モデルハウスとして貸し出す場合の注意点と最大限の値引きを引き出す交渉方法とは?
どうも千日です。大手のハウスメーカーではなく、中小の工務店の注文住宅を建てる場合、完成後に一定の期間、モデルハウスとして貸し出してもらえないか?という申し出を受けることがあります。
中小企業ですと、宣伝だけのために住宅展示場にそれ専用の家を建てることが難しいです。その点施主が完成した家を提供してくれれば、まさに現物でアピールできるまたと無い機会ですからね。
自分もまたそのモデルハウスを見て、こんな家を建てられるならと契約に至った部分も少なからずあるでしょうし、モデルハウスとして貸し出すことで、いくらか値引きを受けることもできます。

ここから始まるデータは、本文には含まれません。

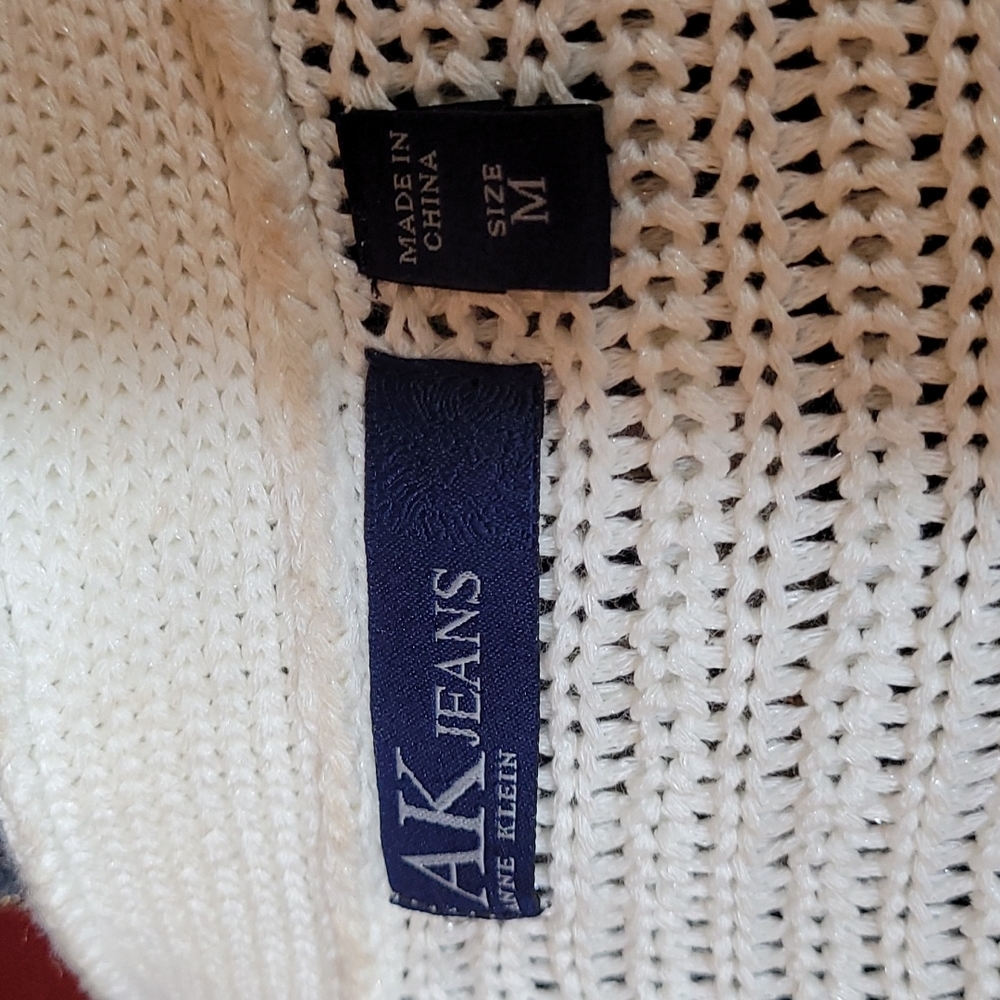 Beautiful sweater! - Picture 6 of 7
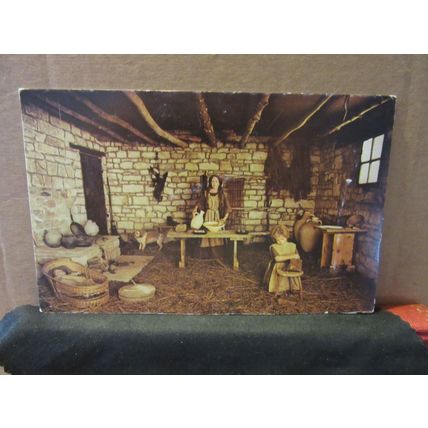 MEDIEVAL? KITCHEN . UNUSED MUSEUM POSTCARD =
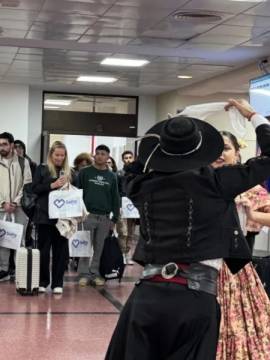MUNICIPALIDAD DE SALTA: Con una cálida bienvenida, la ciudad recibió a cientos de turistas este sábado
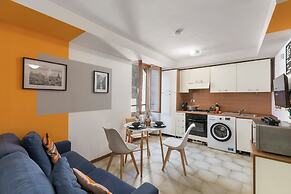 The Harbor Old House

安くなるならば、モデルハウスとして貸し出しても良い。どうせならば少しでも多く値引きしてもらいたい。
と考える人も居るでしょうし、
せっかくの新築なんだから、いくら安くなっても他人に入られるのはイヤ!
という人も居るでしょう。
後者の人はキッパリ断れば良いと思います。新築の注文住宅なのですから、未使用で引渡してもらうのが原則ですからね。
今日は千日の住宅ローン無料相談ドットコムに寄せられたご相談事例でどんな注意点があるのか?を解説したいと思います。
相談:現在見積中です約1年間モデルハウスとして貸し出しますがこのような事例の値引きは?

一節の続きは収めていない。